Introduction: Figure 1 is a photo of the EDTEK SolBlu combined heat and power (CHP), solar concentrator unit. The Solar Combined Heat and Power System demonstrates the field operational feasibility of the EDTEK SolBlu solar concentrator systems. These systems are designed to intercept sunlight and convert it electrical and thermal energy. The thermal energy is usually collected in the form of hot water; however, the systems could produce steam if desired (at the expense of a slightly lower electrical efficiency). EDTEK was selected by the California Energy Commision to demonstrate the efficiency of this technology. An array of fifteen units will be deployed with combined electrical and thermal loads and monitored over a one-year period on the San Diego State University(SDSU) Campuses. Each 4 dish unit will generate 11 kWh of electricity and 29.5 kWh( or 100,000 BTU’s) of thermal output per day.
Twenty university campuses were surveyed as prospective sites for the demonstration. The SDSU was selected because of its reliable, unobstructed sunlight, available thermal and electrical loads and easy access for interested viewers.
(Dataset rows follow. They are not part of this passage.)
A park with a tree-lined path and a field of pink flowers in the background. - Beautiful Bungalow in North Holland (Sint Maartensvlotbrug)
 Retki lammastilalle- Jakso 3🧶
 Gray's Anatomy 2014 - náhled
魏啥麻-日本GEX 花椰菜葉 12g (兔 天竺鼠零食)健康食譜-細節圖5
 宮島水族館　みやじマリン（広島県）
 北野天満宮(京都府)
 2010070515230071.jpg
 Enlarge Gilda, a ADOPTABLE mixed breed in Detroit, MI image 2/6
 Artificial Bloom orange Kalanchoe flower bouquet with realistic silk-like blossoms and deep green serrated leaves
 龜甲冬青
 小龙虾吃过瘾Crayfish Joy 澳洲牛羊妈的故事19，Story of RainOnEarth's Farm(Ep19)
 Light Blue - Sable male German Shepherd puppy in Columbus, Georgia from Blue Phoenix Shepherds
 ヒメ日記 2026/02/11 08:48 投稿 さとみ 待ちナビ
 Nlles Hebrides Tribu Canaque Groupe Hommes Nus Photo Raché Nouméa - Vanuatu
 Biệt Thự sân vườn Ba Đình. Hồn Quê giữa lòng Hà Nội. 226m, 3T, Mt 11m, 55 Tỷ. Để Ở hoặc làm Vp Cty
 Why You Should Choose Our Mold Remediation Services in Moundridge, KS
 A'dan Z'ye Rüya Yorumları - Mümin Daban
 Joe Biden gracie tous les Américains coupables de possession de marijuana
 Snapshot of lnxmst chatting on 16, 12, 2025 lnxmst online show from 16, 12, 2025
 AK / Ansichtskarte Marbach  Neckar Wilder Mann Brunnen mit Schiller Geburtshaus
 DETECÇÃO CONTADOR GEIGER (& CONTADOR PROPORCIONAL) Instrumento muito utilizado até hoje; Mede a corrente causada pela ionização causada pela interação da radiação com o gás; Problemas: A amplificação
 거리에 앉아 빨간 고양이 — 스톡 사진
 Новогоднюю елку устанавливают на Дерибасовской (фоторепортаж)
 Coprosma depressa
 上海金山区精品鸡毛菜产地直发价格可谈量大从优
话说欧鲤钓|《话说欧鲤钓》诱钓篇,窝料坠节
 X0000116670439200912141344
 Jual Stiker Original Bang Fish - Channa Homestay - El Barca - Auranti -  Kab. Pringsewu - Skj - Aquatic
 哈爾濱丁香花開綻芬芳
Overall SDSU System Description: A block diagram of the overall SolBlu system is presented in Figure 2. The SolBlu units intercept sunlight and convert it to electricity and thermal energy. The thermal energy is transferred to circulating water via an internal stainless steel liquid-to-liquid heat exchanger. The heat exchanger receives cool water from the external thermal load and transfers the heat gained from cooling the solar PV array to it. The energy is then transferred to the thermal load by means of the circulated water. The electrical energy converted by the solar arrays is sent to the inverters as 24-volt, 40 amp DC power(this can easily be adjusted to 600 volts if desired for commercial installations). The inverters convert it to 120 volt AC power and direct it onto the utility grid or to the battery charger which charges the SolBlu “house keeping” batteries that provide standby power to the SolBlu control computers during the off sun hours. The power converted by the arrays, both thermal and electric, is monitored by flow meters/thermocouples and voltage/current meters respectively. The data are transmitted to a local computer for analysis and storage.
Figure 2.
SolBlu specifications and site requirements: The specifications for the SolBlu are listed in figure 3. The SolBlu unit consists of an array of four 56-inch diameter parabolic dishes each of which converts 250 watts of electric power and 800 watts of thermal power yielding a total of 1 kw and 3.2 kw respectively for the unit.
| Each dish diameter: |
56 inches |
| 4 Dish collection aperture: |
68.4 sq.ft. |
Maximum solar energy intercepted
(this is measured for every second its on the sun): |
6,352 watts |
Electrical capacity
(measured every second on the sun): |
1,200 watts |
| Conversion efficiency: |
25% (vs. 10-15% with flat panels) |
| Electricity produced: |
4,015 kWh per year |
| Thermal energy produced: |
37 Million BTU’s per year |
| Hot water produced: |
140 gallons per day @ 140 F
assuming 50 F starting temperature |
| Collection efficiency: |
89% |
| System Efficiency: |
75% (electricity 25% H2O 50%) |
| Primary Solar concentration ratio: |
2400:1 |
| Reflector: |
Glass protected Aluminum |
| Tracking : |
2- Axis( altitude and azimuth) |
| Control: |
on board computer |
| Sunlight: |
Direct (not dispersed) |
| Night and weather protection: |
Ground facing stowage |
| Wind protection: |
Drives to turn edge on | |
 |
Figure 3.
Given the above specifications, the installation site must provide reliable, unobstructed sunlight over an area of 30 ft (east-to-west) by 20 ft for each of the SolBlu units. This area provides for 30 ft spacing between units in the east-to-west direction and 20 ft spacing in the north-to-south direction. The site must provide structural strength to support about 250 lbs per unit and to sustain the lateral and lifting forces that will be experienced due to storm winds. In addition to the physical requirements, the site ideally will provide a thermal load in the form of circulating water with hot water storage and a point for tying the electrical inverter to the utility grid. If no water load is available, heat will be automatically discharged from the system directly to the atmosphere.